All of the entries below are to be retyped exactly.

■ ■ ■

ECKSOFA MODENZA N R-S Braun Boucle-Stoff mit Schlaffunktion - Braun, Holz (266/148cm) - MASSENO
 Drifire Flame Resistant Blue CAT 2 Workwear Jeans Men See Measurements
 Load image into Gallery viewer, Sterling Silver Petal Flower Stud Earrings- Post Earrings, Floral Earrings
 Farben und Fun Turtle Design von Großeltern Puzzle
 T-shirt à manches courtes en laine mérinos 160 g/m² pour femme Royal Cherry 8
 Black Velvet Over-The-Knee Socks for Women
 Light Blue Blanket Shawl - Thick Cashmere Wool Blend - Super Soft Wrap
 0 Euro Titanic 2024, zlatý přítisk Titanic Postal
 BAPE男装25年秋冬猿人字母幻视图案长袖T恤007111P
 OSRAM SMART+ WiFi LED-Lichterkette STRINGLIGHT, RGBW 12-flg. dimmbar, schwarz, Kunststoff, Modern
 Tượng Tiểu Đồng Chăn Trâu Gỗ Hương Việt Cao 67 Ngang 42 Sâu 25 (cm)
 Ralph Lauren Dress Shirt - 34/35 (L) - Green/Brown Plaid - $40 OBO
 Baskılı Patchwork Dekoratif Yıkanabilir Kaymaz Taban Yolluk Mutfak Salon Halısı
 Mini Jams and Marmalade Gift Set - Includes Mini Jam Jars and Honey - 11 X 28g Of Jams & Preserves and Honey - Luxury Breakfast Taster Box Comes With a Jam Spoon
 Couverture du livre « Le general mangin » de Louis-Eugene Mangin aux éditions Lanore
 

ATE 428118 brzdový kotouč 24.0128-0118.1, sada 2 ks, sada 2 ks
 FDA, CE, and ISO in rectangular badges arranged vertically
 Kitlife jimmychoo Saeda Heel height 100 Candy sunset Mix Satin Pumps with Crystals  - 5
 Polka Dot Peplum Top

■ ■ ■

- Response area -
ECKSOFA MODENZA N R-S Braun Boucle-Stoff mit Schlaffunktion - Braun, Holz (266/148cm) - MASSENO
 Drifire Flame Resistant Blue CAT 2 Workwear Jeans Men See Measurements
 Load image into Gallery viewer, Sterling Silver Petal Flower Stud Earrings- Post Earrings, Floral Earrings
 Farben und Fun Turtle Design von Großeltern Puzzle
 T-shirt à manches courtes en laine mérinos 160 g/m² pour femme Royal Cherry 8
 Black Velvet Over-The-Knee Socks for Women
 Light Blue Blanket Shawl - Thick Cashmere Wool Blend - Super Soft Wrap
 0 Euro Titanic 2024, zlatý přítisk Titanic Postal
 BAPE男装25年秋冬猿人字母幻视图案长袖T恤007111P
 OSRAM SMART+ WiFi LED-Lichterkette STRINGLIGHT, RGBW 12-flg. dimmbar, schwarz, Kunststoff, Modern
 Tượng Tiểu Đồng Chăn Trâu Gỗ Hương Việt Cao 67 Ngang 42 Sâu 25 (cm)
 Ralph Lauren Dress Shirt - 34/35 (L) - Green/Brown Plaid - $40 OBO
 Baskılı Patchwork Dekoratif Yıkanabilir Kaymaz Taban Yolluk Mutfak Salon Halısı
 Mini Jams and Marmalade Gift Set - Includes Mini Jam Jars and Honey - 11 X 28g Of Jams & Preserves and Honey - Luxury Breakfast Taster Box Comes With a Jam Spoon
 Couverture du livre « Le general mangin » de Louis-Eugene Mangin aux éditions Lanore
 

ATE 428118 brzdový kotouč 24.0128-0118.1, sada 2 ks, sada 2 ks
 FDA, CE, and ISO in rectangular badges arranged vertically
 Kitlife jimmychoo Saeda Heel height 100 Candy sunset Mix Satin Pumps with Crystals  - 5
 Polka Dot Peplum Top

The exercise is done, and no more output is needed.